Tuesday January 29 2013
She's no stranger to hard work: juggling working at home on the cattle ranch and horse farm with full-time study as a Junior on a scholarship in Ag business at New Mexico State University.
Describing herself as a "true cowgirl to the bone," she's no stranger to horses: riding by herself since she was 4 years old, breaking horses and working them on the ranch, and, there's that side hobby of endurance riding in her spare time.
At 19, Jessica DiCamillo of Las Cruces, New Mexico, has already logged over 5500 AERC miles, and racked up 17 wins, including the 2008 North American Young Riders FEI 75 miler on her horse RGS Crestwind Premiere that she broke in. At age 15 it was her first time to participate in the Young Riders. She's completed 6 100-mile rides, the first one at the age of 12. 1210 AERC miles in 2004 earned Jessica the Junior AERC National Mileage Championship, and with the combined AERC miles of her mother Karen, the duo earned the 2004 Bill Thornburgh Family Award.
Despite her horse knowledge and her abundant endurance experience, it was a complete shock when Jessica got the email inviting her and the horse of her choice, on somewhat short notice, to participate in the 160-km Presidents Endurance Cup in Abu Dhabi next month as a Young Rider. "I was like, ohmigod!" Jessica recalled. "I asked, 'When's the ride?' and they said, 'February 16' and I was like, ohmigod! I can't even sleep!"
Jessica will be riding her mom's horse RGS SHA Strike Two. He's a 13-year-old Arabian with 870 AERC miles in 6 seasons of endurance, 15 finishes in 19 starts, and 2 Best Condition awards. He's attempted 1 100-mile ride, where he was pulled as a rider option. All but one of his finishes were in the Top Ten, and 4 of them were wins.
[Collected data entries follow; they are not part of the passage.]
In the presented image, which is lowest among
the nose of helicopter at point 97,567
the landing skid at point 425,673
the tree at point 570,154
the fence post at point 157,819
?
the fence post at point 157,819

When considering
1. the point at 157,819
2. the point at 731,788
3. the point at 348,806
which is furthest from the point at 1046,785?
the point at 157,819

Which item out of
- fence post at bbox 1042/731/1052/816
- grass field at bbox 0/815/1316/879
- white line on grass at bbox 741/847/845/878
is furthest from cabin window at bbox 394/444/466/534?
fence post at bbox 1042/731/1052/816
It's usually senior riders who are invited to compete in the grueling Presidents Cup with near-world record 100-mile finish times (under 6 minutes 30 seconds the last 3 years), and when USA Chef d'equipe Emmett Ross heard that Young Riders would be participating, his reaction was shock: "What!?"
He explains, "It's a challenge, let me put it that way. But we're making a HUGE effort to push our US Young Riders, and this will be an experience, obviously. From a learning and a world exposure experience, it's fantastic. It's not the winning or the losing... it's just the experience you get. It's going to be something they remember for the rest of their lives, and that to me is the essence of riding overseas."
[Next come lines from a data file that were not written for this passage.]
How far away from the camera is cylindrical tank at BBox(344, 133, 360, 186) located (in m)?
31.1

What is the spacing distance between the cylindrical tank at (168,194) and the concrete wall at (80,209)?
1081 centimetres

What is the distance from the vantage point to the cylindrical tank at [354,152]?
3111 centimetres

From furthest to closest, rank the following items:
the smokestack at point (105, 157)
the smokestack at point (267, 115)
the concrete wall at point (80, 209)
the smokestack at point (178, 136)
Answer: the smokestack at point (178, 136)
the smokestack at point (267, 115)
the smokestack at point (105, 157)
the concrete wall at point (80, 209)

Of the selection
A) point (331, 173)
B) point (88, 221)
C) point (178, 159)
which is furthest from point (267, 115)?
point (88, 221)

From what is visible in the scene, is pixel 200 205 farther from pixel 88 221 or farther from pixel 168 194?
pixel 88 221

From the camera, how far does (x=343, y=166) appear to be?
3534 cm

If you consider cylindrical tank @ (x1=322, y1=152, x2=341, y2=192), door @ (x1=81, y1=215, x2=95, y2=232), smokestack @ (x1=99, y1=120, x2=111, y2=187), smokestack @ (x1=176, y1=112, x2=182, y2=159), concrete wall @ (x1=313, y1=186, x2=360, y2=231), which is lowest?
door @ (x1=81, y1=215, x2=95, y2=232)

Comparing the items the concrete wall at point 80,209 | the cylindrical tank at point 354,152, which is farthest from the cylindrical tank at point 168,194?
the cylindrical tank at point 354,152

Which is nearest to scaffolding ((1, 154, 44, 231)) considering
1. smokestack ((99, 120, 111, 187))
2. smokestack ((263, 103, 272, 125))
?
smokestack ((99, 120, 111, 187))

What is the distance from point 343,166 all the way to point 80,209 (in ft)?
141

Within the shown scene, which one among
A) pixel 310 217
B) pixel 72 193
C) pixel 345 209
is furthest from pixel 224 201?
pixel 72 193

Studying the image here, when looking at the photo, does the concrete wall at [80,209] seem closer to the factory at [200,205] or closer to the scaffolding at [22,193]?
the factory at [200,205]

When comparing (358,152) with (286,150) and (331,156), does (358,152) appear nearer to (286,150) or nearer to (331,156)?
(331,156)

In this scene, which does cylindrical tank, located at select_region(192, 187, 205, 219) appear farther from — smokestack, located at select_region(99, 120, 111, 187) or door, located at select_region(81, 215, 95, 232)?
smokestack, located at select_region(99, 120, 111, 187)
Devan Horn of Texas is the other US Young Rider invited to compete.
Emmett will talk with the girls about their goals in the Presidents Cup, and focus on what they have to do to complete the ride, which will indeed require concentration, when the winners will be riding at 25-26 km/h, while the girls will likely average 16 1/2 to 18 km/h speeds in the sand. There's the added distractions of dealing with great retinues of grooms for UAE riders in the crewing areas, riding amongst Princes of Middle Eastern countries, with dozens of cars racing madly in the sand in front of, behind, and right beside the riders, and grooms handing off water bottles to the riders as they gallop by.
That shouldn't sidetrack a true cowgirl who's used to rough riding on the ranch horses, and it likely won't distract her horse. The DiCamillo horses are ranch stock horses first and they "do pretty much anything and everything we ask them to do." That includes riding up the mountains and down the hills, and roping cows. "You know the Man from Snowy River?" Jessica asks, referring to the Australian movie and the scene where Jim Craig gallops his horse down a seemingly near-vertical mountain. "Strike makes that look easy!" Jessica says with aplomb.
The sand course in Abu Dhabi should be no problem to Jessica and Strike Two. "We live out here where the sand is. He moves across the sand well." Starting a race with over 100 other riders doesn't sound intimidating to Jessica either. "Strike is very powerful. He's a 16-hand horse and he's awesome to ride. But I don't worry about him in a mass start."
Horses are simply a way of life for Jessica and her family, and it's likely this Young Rider will take this big new international endurance experience in stride. For Jessica, the best part of riding endurance is the time spent with the horses, seeing the country go by, and meeting the people; but competing overseas for the first time is also the next step in the evolution on the pathway to Jessica's big endurance goal: "Getting on the World team with my mom, like Valerie Kanavy and her daughter [Danielle] did."
The Presidents Endurance Cup on February 16th will be another milestone on that path.